Die 11 Freunde versuchen mit ihrem Titelthema Aufmerksamkeit zu erregen. Philipp Köster schreibt dagegen an, daß die Fankurven durch die Ultràbewegung zu "gut dedrillten Männerchören" verkommen, deren Choreographien "oft so kreativ wie nordkoreanische Feierlichkeiten" seien, die, aufgrund des "merkwürdigen Ideals" des 90-minütigen Dauersupports, unabhängig vom Spielverlauf ihr Programm herunterspulen und sich dabei "polemisch formuliert, nur ausnahmsweise und höchst ungern von Toren unterbrechen" lassen. "Merkwürdige Rituale, kindische Diebstähle" und die modische Uniformierung im "Autonomen-Chic, der derzeit in den Szenen grassiert" als Zeichen des "Rückzugs aus den offenen Strukturen des Fanblocks" stellt er einer vergangenen Zeit gegenüber, wo noch "Wildheit, Anarchie, Spontaneität" im Fansektor herrschten und "spontane Zwischenrufe" noch eine Chancen hatten.

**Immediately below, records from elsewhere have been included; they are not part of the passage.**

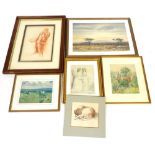 A group of prints, to include after Chris Campbell An African Evening, signed limited edition print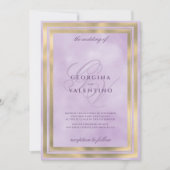 Luxury gold lavender monogram initials wedding einladung (Vorderseite)
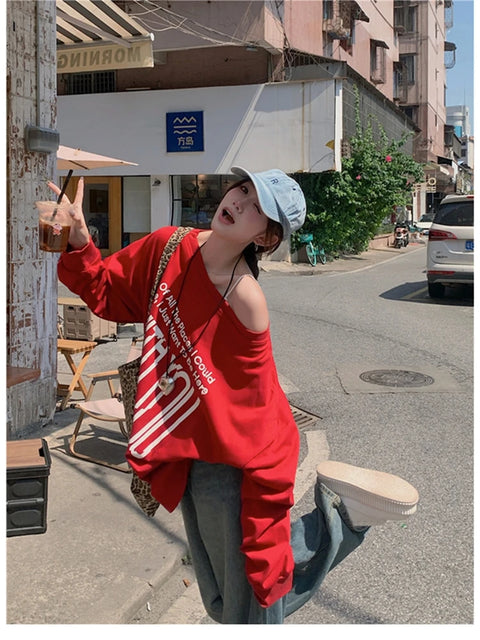 T-Shirts Women Off-shoulder Loose Fit Lazy Style All-match Young Students High Street Korean Fashion Spring Daily Tops Trendy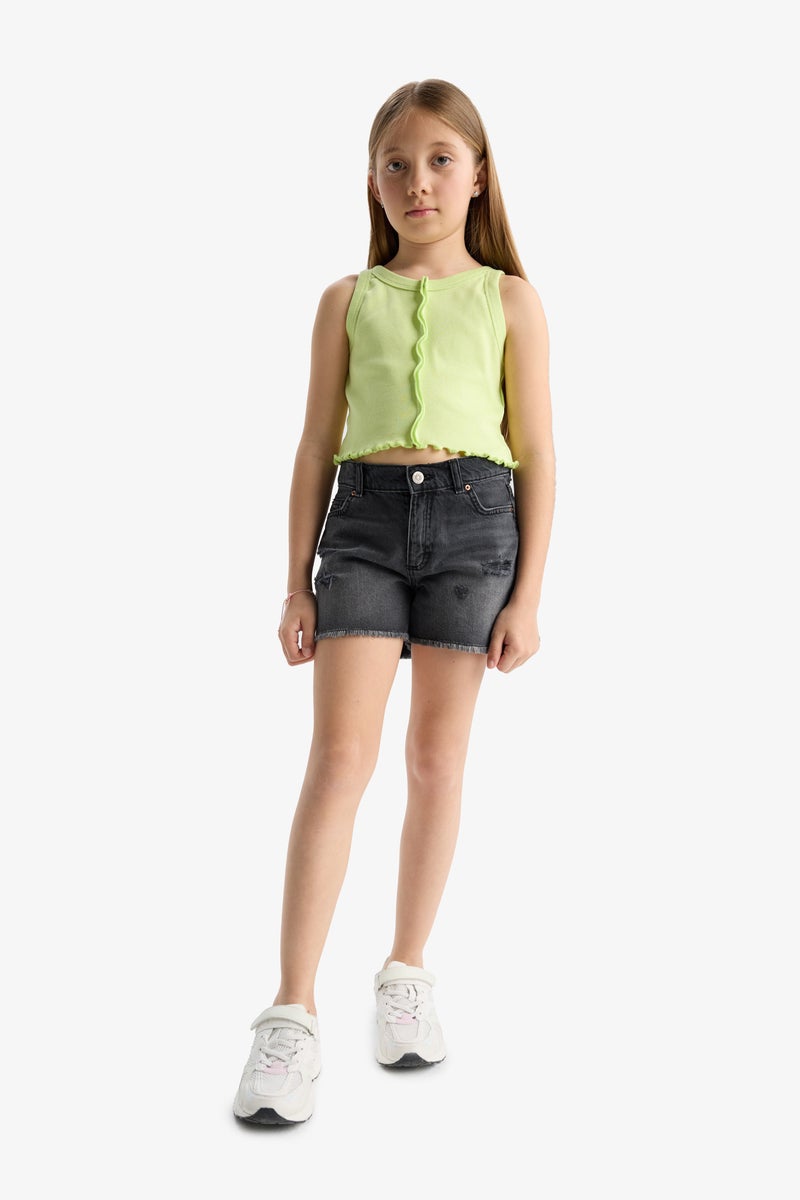 ديفاكتو كروب توب بناتي سليم فيت برقبة مستديرة - Image 2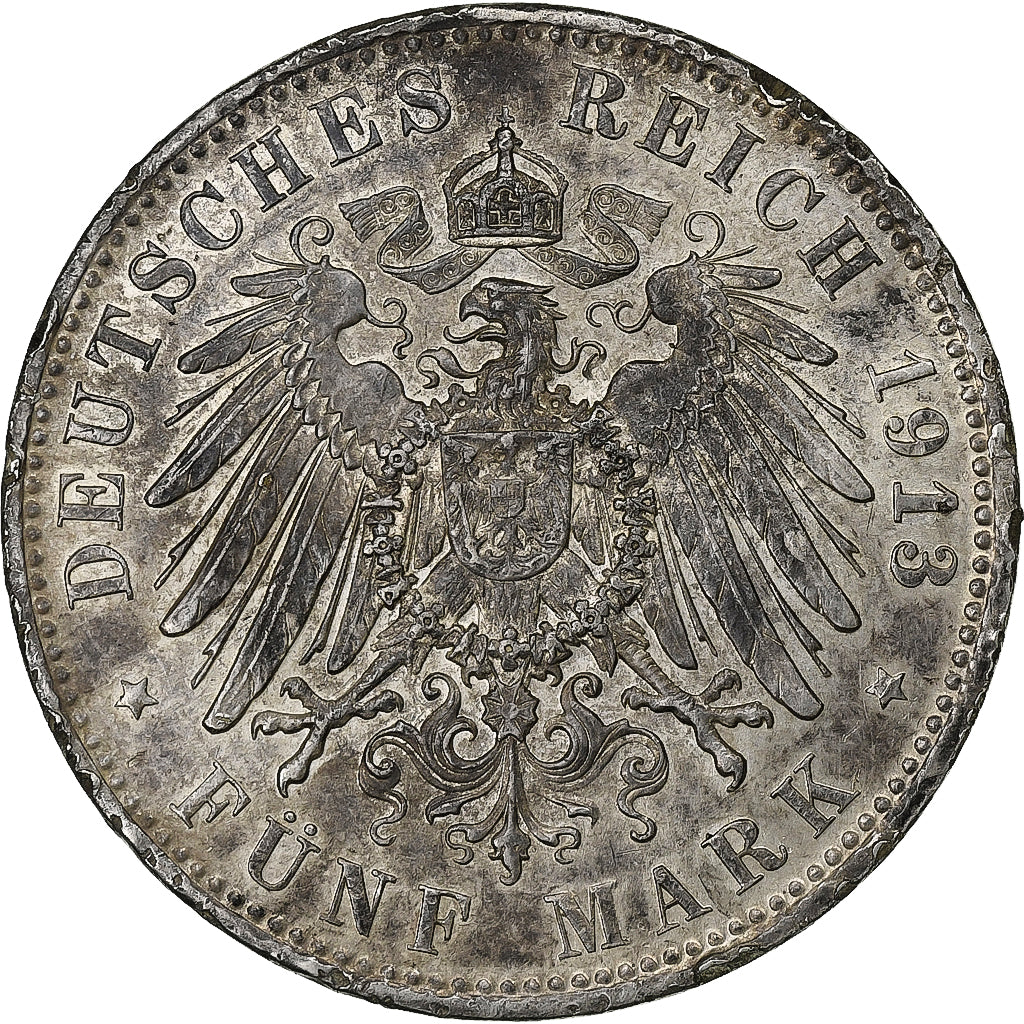 Landy niemieckie, BAVARIA, Otto, 5 Mark, 1913, Munich, Srebro, AU(50-53), KM:915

Als exemplarischer "deprimierender Abend" gilt ihm ein Spiel in der deutschen 2. Bundesliga zwischen Nürnberg und Duisburg, wo die Ultras Nürnberg als Protest gegen fanfeindliche Anstoßzeiten erst 20 Minuten lang still waren und dann laut Köster "bis zum Abpfiff eine einschläfernde Endlosmelodie" sangen.

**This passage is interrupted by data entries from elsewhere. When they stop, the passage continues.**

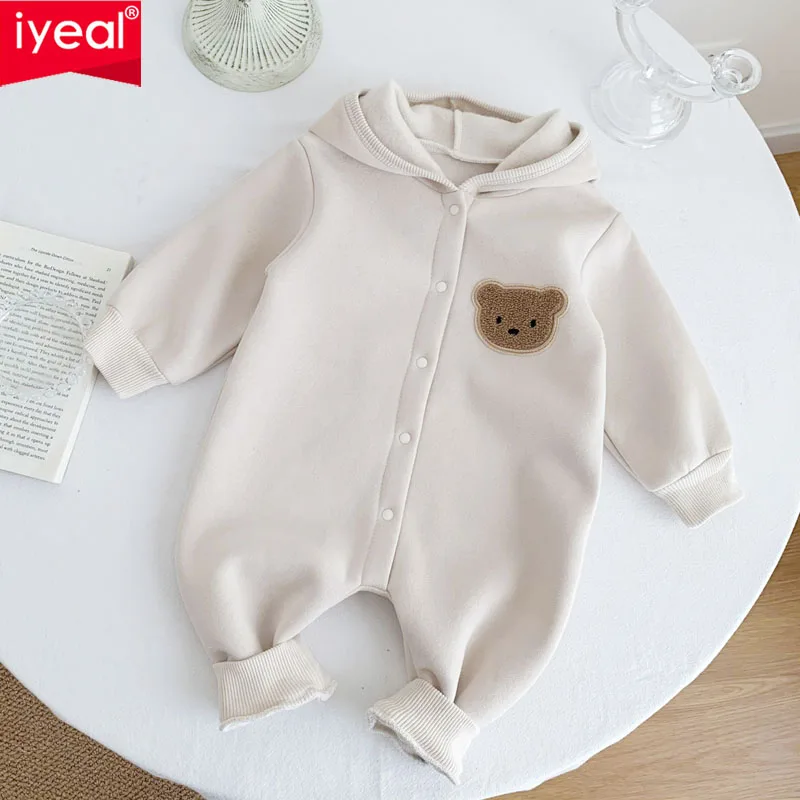 

IYEAL Baby Korean Version Autumn And Winter New Fleece Cute Bear Jumpsuit Newborn Fleece Romper Baby Outdoor Clothes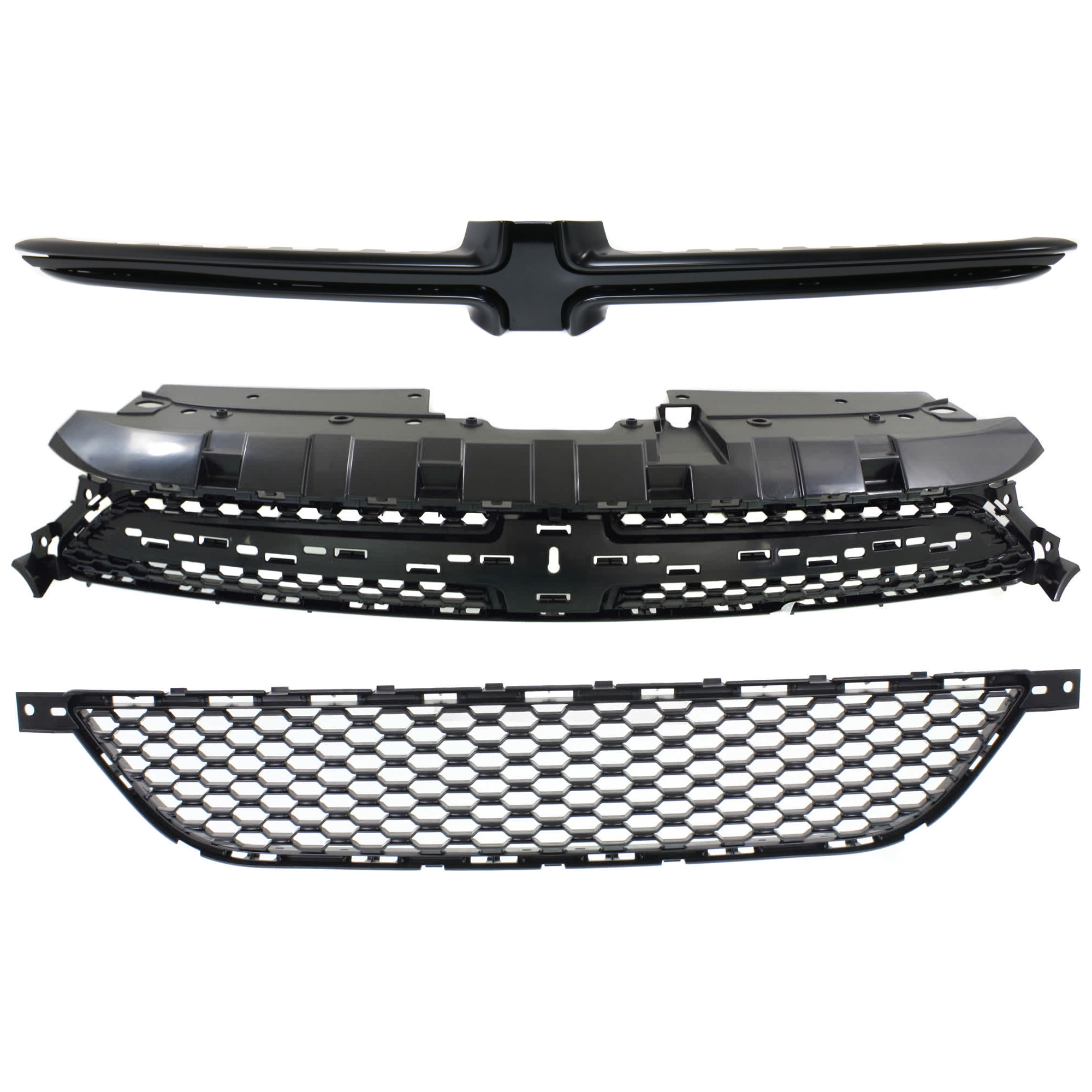 AM DART 14-16 GRILLE 3 pc Kit Textured Black Shell and Insert with Bumper Grille and Grille Trim SKU KIT 082224 C684 Partslink CH1200378 CH1036125 CH1210113 OEM 68081408AE 68081409AA 1UH85TZZ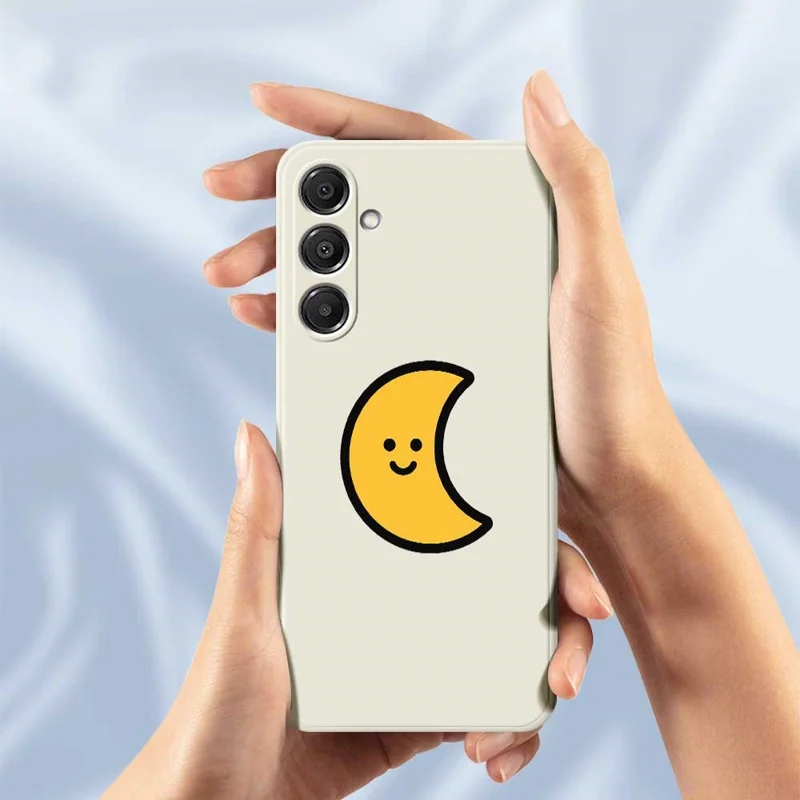 For Samsung Galaxy A16 5G  /  4G Case Yellow Moon Pattern Printing Straight Edge TPU Phone Back Cover - Purple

So differieren die Sichtweisen. Im Block West Echo neu Nr. 3 der Ultras Rapid war zeitgleich ein Bericht der Nürnberger Ultras über ihre Aktion, der ein anderes Bild vermittelt - wenngleich dieses natürlich alles andere als unparteiisch war: der Protest habe über ihre Gruppe hinaus im Stadion Unterstützung gefunden. The truth is out there.
Selbstverständlich sind wir Fans da, um unsere Mannschaft zu unterstützen. Aber genauso selbstverständlich hat das Individuum und hat die Gruppe das Recht gegen was auch immer zu protestieren. Haglich wird's einzig dann, wenn andere zu etwas gezwungen würden, was sie nicht wollen.
Niemand hat das Recht, daß andere singen. Und ich singe dann mit, wann ich will, und nur das mit, was ich will. Mit Koordination und Vorsänger hab' ich da kein Problem. Ich bin zwar wohl durchaus leidenschaftlicher und verrückter Fan, aber alles andere als ein Ultra. Muß ich auch nicht sein. Drum sitze ich bei Heimspielen auf der Längsseite und steh und supporte ausgiebiger im Gästesektor bei den Auswärtsspielen. Ich find' es gut und wichtig, wenn das ganze Spiel über - und auch wenn wir mal hinten sind - Stimmung ist. Ich find' es schlecht, wenn 10 Minuten lang etwas Fades gesungen wird, wenn wir schlecht spielen anstatt 'was Aufrüttelndes. Ich find' es großartig, wenn's was zu feiern gibt und der mitreißende minutenlange Endlosgesang immer lauter wird. Ich für meinen Teil mach dabei sowieso immer nur das, was ich will und mir taugt.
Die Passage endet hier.